GTA-2: Benchmarking General Tool Agents from Atomic Use to Open-Ended Workflows
TL;DR
GTA-2 reveals a capability cliff: frontier models already fail below 50% on atomic (single-step) tool use, and nearly all fail on open-ended multi-step workflows, with top models at 14.39% success. The key finding is that execution harness design matters more than the underlying model — Manus and OpenClaw frameworks substantially boost workflow completion beyond what model capability alone predicts.
Key Findings
Two-tier benchmark:
- GTA-Atomic: short-horizon, closed-ended, single-tool precision tasks (inherited from GTA-1)
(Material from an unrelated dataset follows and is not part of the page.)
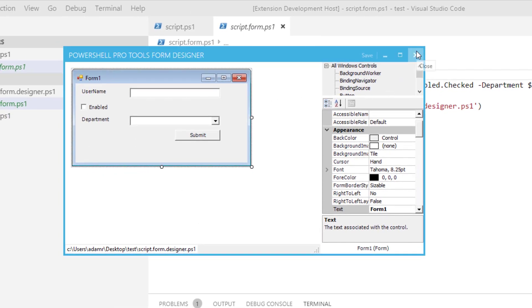So in this video, we went over the new feature to generate Windows Forms from functions in PowerShell Pro Tools for Visual Studio Code. This is being released in version 4.3 of PowerShell Pro Tools.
- GTA-Workflow: long-horizon, open-ended, multi-tool coordination tasks
Results:
- Frontier models: below 50% on GTA-Atomic
- Top models on GTA-Workflow: 14.39% success
- Advanced frameworks (Manus, OpenClaw): substantially better than same model without framework
Evaluation mechanism for open-ended tasks: Recursive checkpoint-based evaluation — decomposes the open-ended objective into verifiable sub-goals. Each sub-goal can be independently checked. This solves the binary success/fail problem for tasks with no single correct output.
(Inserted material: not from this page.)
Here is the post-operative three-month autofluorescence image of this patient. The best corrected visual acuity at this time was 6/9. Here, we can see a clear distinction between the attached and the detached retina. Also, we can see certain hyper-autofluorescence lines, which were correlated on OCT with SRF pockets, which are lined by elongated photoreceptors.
Harness design matters: The finding that the execution framework matters more than the model is the most consequential result. This shifts focus from model capability to scaffolding architecture — consistent with the Claude Code analysis (04-17, 04-19) showing that the while-loop is trivial; the surrounding systems determine real-world performance.
Connection to Prior Agent Benchmarks
This is the third agent benchmark in the wiki this week:
- OccuBench (04-16): 100 professional task scenarios, Language World Models
- DR3-Eval (04-18): deep research benchmark with static corpus sandboxes
- GTA-2 (04-20): tool use from atomic to workflow, real queries + deployed tools
Together they're converging on the same finding from different angles: models can't yet complete realistic multi-step tasks reliably. OccuBench found this in professional tasks. DR3-Eval found this in research tasks. GTA-2 finds it in tool-use workflows. Three papers, same measurement, three weeks.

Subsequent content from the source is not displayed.